Design of a belt-like single-phase solid-solution Cu-Zn selenide with superior potassium-ion storage properties via a facile cation-exchange process

Abstract

To produce high-performance potassium ion batteries (KIBs), it is essential to fabricate anode materials with an appropriately controlled structure and chemical composition. In this study, we successfully fabricate porous solid-solution Cu-Zn selenide nanobelts (NBs) coated with N-doped carbon (p-CZSe@NC NBs) using a facile cation-exchange process. The p-ZnSe@NC NBs are prepared using a polymer coating on ZnSe[diethylenetriamine]0.5 followed by carbonization.
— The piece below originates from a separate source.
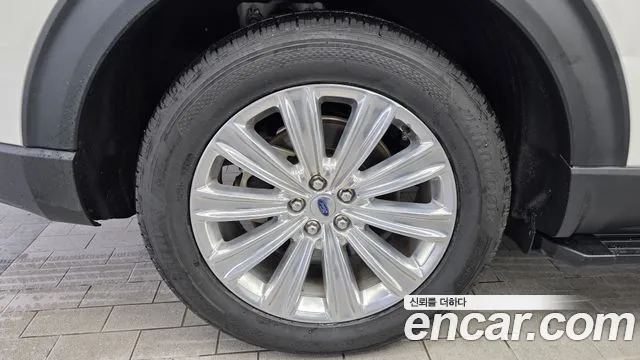 Ford Explorer 2021 thumb 4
Because Zn and Cu have a similar atomic radius and electronegativity, the Zn in p-ZnSe@NC NBs is easily substituted with Cu in a spontaneous reaction without heating. The synergistic effect of the combination of the electrochemically active Zn and inactive Cu in response to K ions and the inner pores of the NBs is conducive to buffering the change in volume and improving ion accessibility. The N-doped carbon shell also provides additional conductive pathways and improves the structural robustness of the electrode. As a result, the p-CZSe@NC NB electrode achieves a high specific capacity of 288.3 mA h g−1 with superior cycling stability over 500 cycles at 0.5 A g−1 and 132.4 mA h g−1 at 3.0 A g−1. Our work thus outlines a facile method for the design of high-performance anodes for energy storage via the control of their chemical composition and structure.